Dr. Sandberg: The second trial is for a different disease called ependymoma and we’re infusing a drug which seems to have a great promise in the laboratory and we’re hopeful that we’ll see good responses for that drug as well.
Have you started patients in that one yet?
Dr. Sandberg: We have treated four patients so far in that trial and we just enrolled the fifth.
It’s too early to say results but safety wise things are looking good?
Dr. Sandberg: Yeah, safety wise it’s been absolutely fine and we’ve had a few patients who have had a decrease of some of their tumors and we’ve had some growth of tumors in some other patients and so we’ll have to see what happens over time. But certainly some of the results are promising.
Is this the drug that had never been injected before?
Dr. Sandberg: Correct, correct.
That’s for the ependymoma part of the study?
Dr. Sandberg: Correct.
Is it a completely new way of thinking with chemotherapy in general, not just with kids necessarily but to inject it directly into the tumor, into the brain?
Dr. Sandberg: There are a lot of scientists that have brilliant ideas about what should be the next drug, what is going to be the magic bullet that’s actually going to cure cancer, cure a specific cancer in children. My question for those scientists is that might be a wonderful idea but how are you going to get the drug where it needs to go in the brain. I’m a big believer in local drug delivery particularly for the brain. This is a new approach; we’re at the beginning of a journey and we don’t know what’s going to happen. We’ve had some exciting preliminary responses and we’ve had some failure too, but we’re trying something new because I think the current treatments that are available for children with these brain tumors are entirely inadequate.
Chemotherapy has been around a long time, do you think it should have evolved more by now? The way it’s delivered? Because it feels like it really hasn’t changed much.
Dr. Sandberg: I mean there have been trials of local drug delivery into the brain which have increased in frequency over the past decade or so.
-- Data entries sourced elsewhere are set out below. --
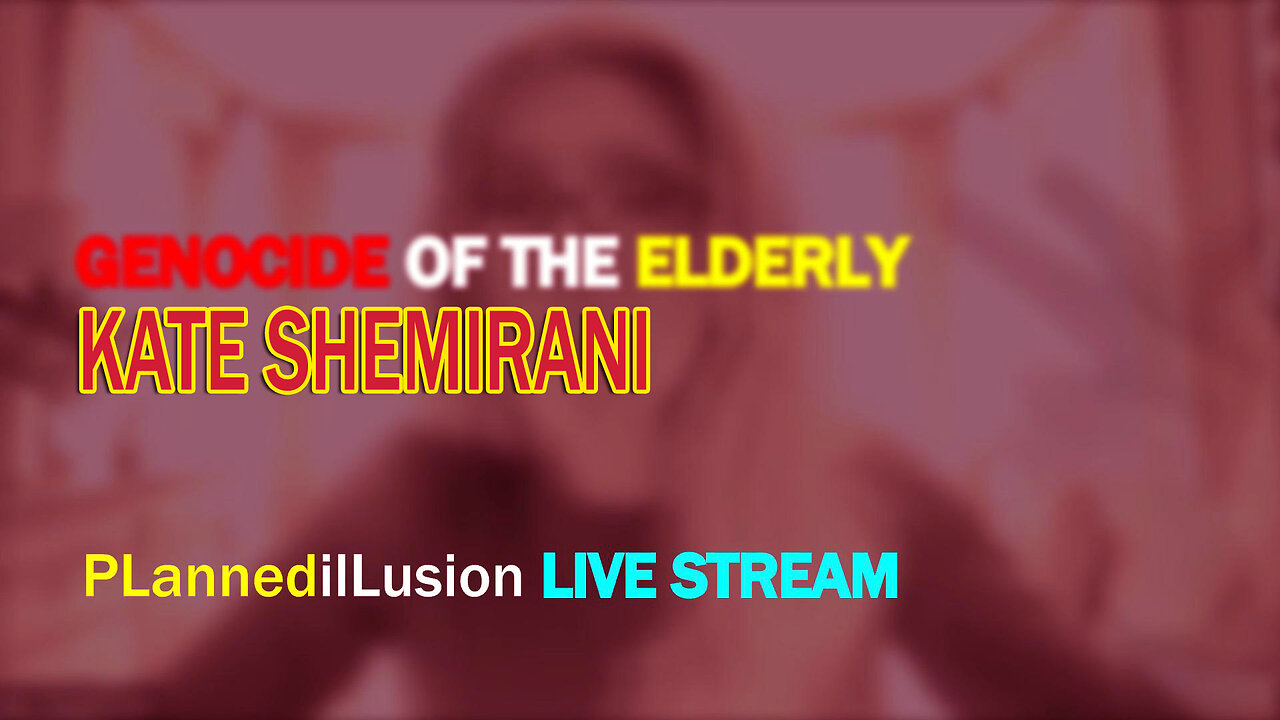 PLANNEDILLUSION LIVE STREAM | GENOCIDE OF OUR ELDERLY | KATE SHEMIRANI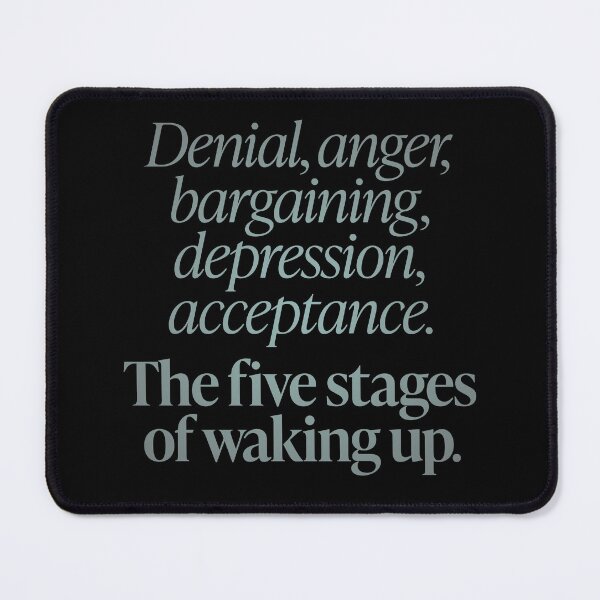 Item preview, The five stages of waking up. v.3 designed and sold by x1brett.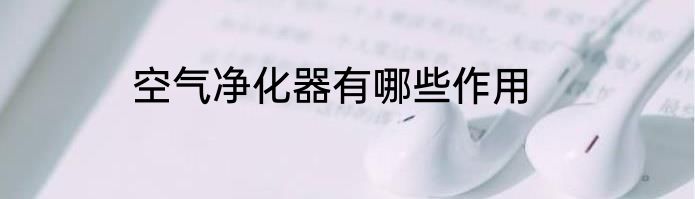 空气净化器有哪些作用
People pay less attention to these rare diseases in children. This isn’t as common as for example, glioblastoma multiforme which is a much more common malignant tumor in adults and there’s a lot more focus on that. In my opinion there aren’t enough people working on these tumors so I think the answer to your question is yes, there hasn’t been enough attention payed to these diseases and there hasn’t been enough attention payed to new approaches but that’s why we’re doing what we’re doing.
For these studies, what is the next step? Take me through the next couple of years with this.
Dr. Sandberg: We have two open clinical trials right now and the next step is we enroll patients and we honestly asses our results. What happens to these patients do they live or do they die, is their tumor less, is it smaller, what toxicity do they have? And we get together with the scientific community and we say, is this a good idea, what should we do next; it’s a step wise process. But I consider it an emergency because when you have a family who has a child who has cancer it’s an emergency because that child is fighting for their life so I’m really a big believer in pushing things along as quickly as possible.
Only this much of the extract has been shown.